In zehn Jahren wird China wohl die größte Volkswirtschaft der Welt sein, vor der EU und den USA. Das Land investiert 40 Prozent des Bruttoinlandsprodukts, doppelt so viel wie die EU, und spart 50 Prozent des BIP - ein Niveau, das es in der Geschichte großer Volkswirtschaften noch nie gegeben hat, sagte Daniel Gros, Direktor des Brüsseler Think-Tanks CEPS (Centre for European Policy Studies) am Dienstag in Alpbach bei der Eröffnung der Wirtschaftsgespräche.

Europa ist unfähig, seine Masse zu nutzen

Europa könnte dem eigentlich genug Masse entgegensetzen, als derzeit größte Volkswirtschaft der Welt.
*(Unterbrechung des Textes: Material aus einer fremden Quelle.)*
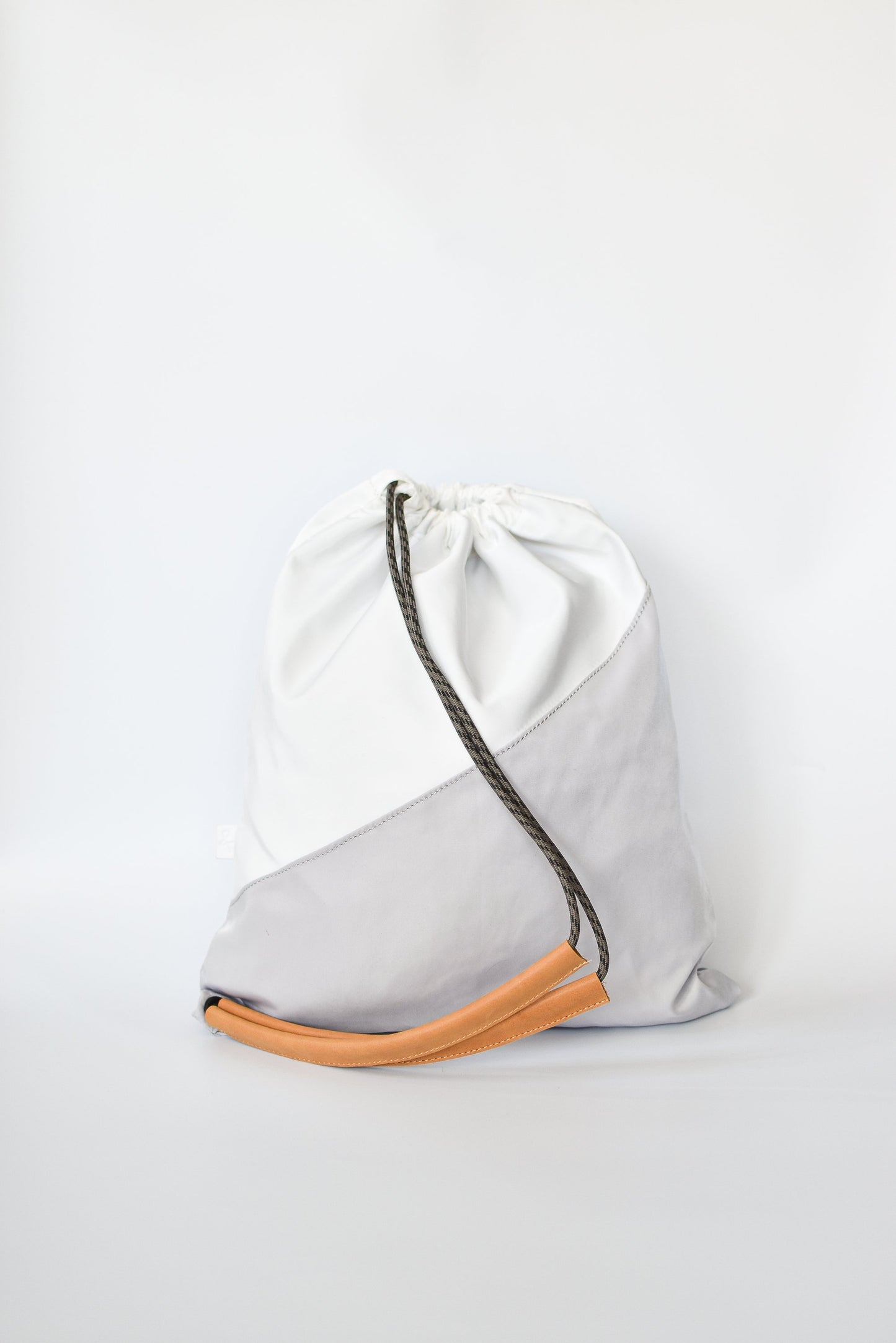 Sporty nylon sling bag in white and gray with natural leather straps.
Aber es fehle der Wille zur Macht - genauer die Fähigkeit, das ganze Gewicht in einem Guss in die Waagschale zu werfen. Das ist auch der Grund, warum der Euro den Dollar nicht als Leitwährung ersetzen konnte. China investiere seine riesigen Überschüsse lieber in den USA - denn in Europa gibt es immer noch nationale Bond-Märkte. Und der größte davon - Deutschland - kommt eben nur auf ein Viertel des US-Volumens.
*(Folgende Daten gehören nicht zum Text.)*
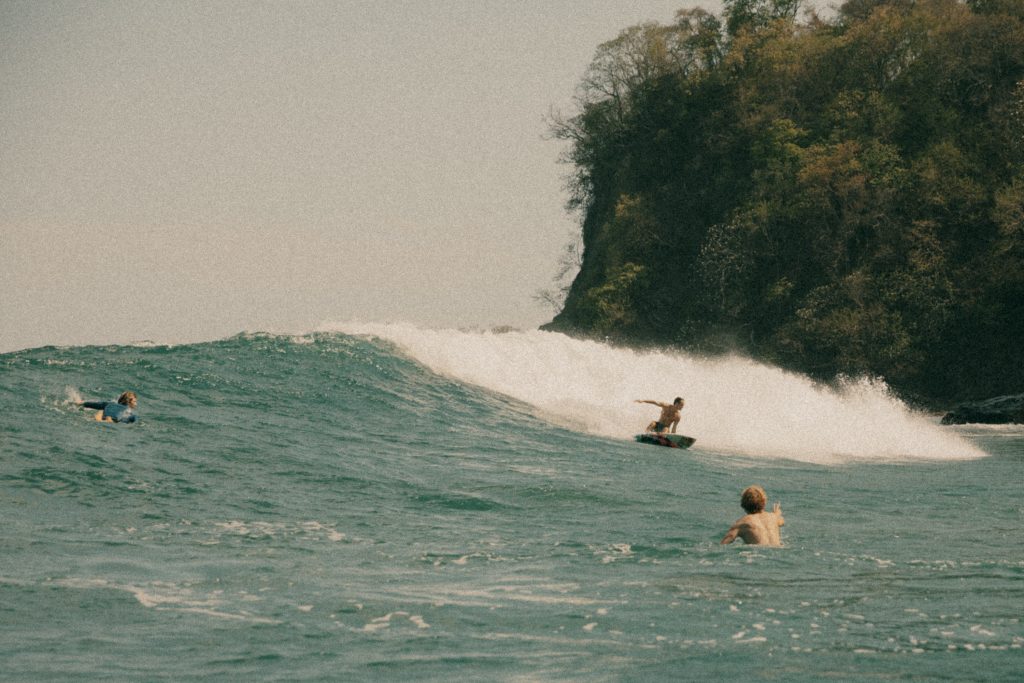 Surfer riding a wave near a forested rocky coastline with two swimmers in the ocean watching.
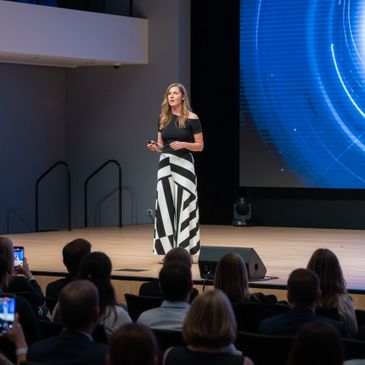 Woman speaking on stage at a conference with a large digital screen behind her.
Ähnlich sieht dies Jürgen Thumann, Präsident der EU-Arbeitgebervereinigung Businesseurope. Er verweist darauf, dass von den 50 Top-Universitäten der Welt nur zehn in Europa sind. Indien und China holen auf, sie stellen bereits zwei Drittel der Ingenieure. "Talent ist keine exklusive Reserve der westlichen Welt", fasst es Thumann zusammen. Und Europa sei leider sehr schlecht dabei, Wissen zu vermarkten und in Geld zu verwandeln.

Letzte Chance: Bildung

Die Chance für Europa liegt, wie seit Jahren von allen gepredigt, in der Bildung. Und in moderner Beschäftigungs- und Sozialpolitik, sagt Arbeitgeber Thumann und wird vom Präsidenten der AK Oberösterreich, Johann Kalliauer, vollinhaltlich unterstützt. Ausbildung auf allen Ebenen sei nötig, sagt Kalliauer. Und der Welt könne Europa die besten sozialen Standards als Referenz bieten.
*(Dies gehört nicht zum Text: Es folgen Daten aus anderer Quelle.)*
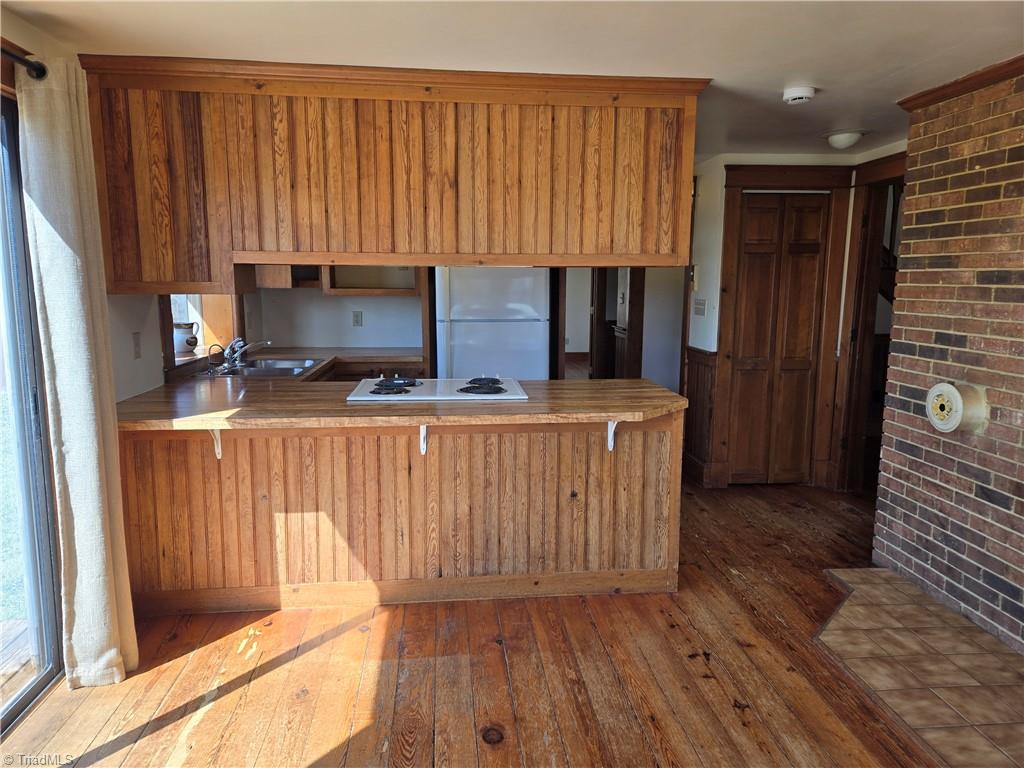 1077 Flat Shoals Road King, NC 27021 - Photo 16 of 46 View of the kitchen with closet on the right.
Auch Wifo-Chef Karl Aiginger glaubt an die theoretische europäische Überlegenheit, nur die Praxis hinke nach. "Europa hat bessere Modelle, ist aber schlechter bei der Durchsetzung", sagte er in der Zusammenfassung seiner zehn Thesen zum Gewicht Europas in der Welt. Dabei wäre das europäische Modell mit wirtschaftlicher Effizienz, sozialer Kohärenz und ökologischer Nachhaltigkeit für alle nachahmenswert. Aber in der Praxis, etwa in der aktuellen Finanzkrise, habe Europa versagt.

Obwohl nur "ambitionierte Mitläufer" bei den Derivaten, landeten mehr spekulative Papiere in Europa als in den USA. Die theoretisch tolle Regulierung erkannte die toxischen Papiere nicht und in der Krise sei dann letztlich das Staatsversagen schlimmer gewesen als das Finanzversagen. Europa fehle der Wille und die Einsicht, neue Wege gehen zu müssen diagnostizierte Aiginger, übereinstimmend mit Gros vor ihm.